The successor to the QuadFX platform would have been the _AMD FASN8 (*F*irst *A*MD *S*ilicon *N*ext-gen *8*-core)_ platform, which was supposed to accommodate two AMD Phenom Quad Cores in Socket F boards to make for an 8core platform, _FASN8_ was cancelled later-on, and the successor to the _FASN8_ platform would have been the dual AMD Opteron rig that is being reviewed today!
 Back to Now... 

As we all know, AMD K10/Phenom architecture failed to take the technology lead back from Intel and later with the release of Intel’s Nehalem architecture, AMD was made irrelevant altogether. Lately AMD’s K10.5/Phenom II had been holding it off till the arrival of Bulldozer core – AMD’s much hyped CPU architecture which was released 1 year behind the original schedule proved to be a disappointing failure.

I won’t be talking about Bulldozer here but... but was AMD NOT COMPETITIVE in the enthusiast space with K10.5??

The answer is, it could have been competitive in the enthusiast CPU space if it had continued to pitch its physical cores vs. Intel’s logical cores.

Here is why…

While Intel strongly believed in Hyper-threading technology and running a second thread off a CPU core to churn out that 15% - 30% higher performance, AMD didn’t. AMD believed in providing threads with dedicated cores and that is exactly what we saw happening in the market – Athlon II X4’s with 4 physical cores were competing with Nehalem/Westmere based Core i3’s with 2 physical and 2 virtual cores, and were beating them at a lower price point.

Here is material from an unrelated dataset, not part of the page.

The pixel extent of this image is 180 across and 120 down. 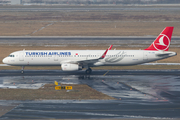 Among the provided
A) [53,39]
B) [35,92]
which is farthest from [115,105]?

Although as we move higher up the order Intel had their Core i7 Quad Core CPU’s which supported hyper-threading and had a total of 8 logical (4 physical and 4 virtual) CPU cores but AMD has had nothing for crunching 8 threads (if-partly), at that time. The Bloomfield Core i7’s from Intel were countered by AMD to some extent with their 6 core Phenom II processors, which traded blows with them at a higher clock speed. Moving higher up still, Intel had the Core i7-980X. The undisputed champion of processors, a six core monstrosity, with hyper-threading enabled to give a total of 12 logical cores. AMD just couldn’t compete in this space as its own six core processors could only fend off Bloomfield Quad Core’s from Intel with 8 logical cores.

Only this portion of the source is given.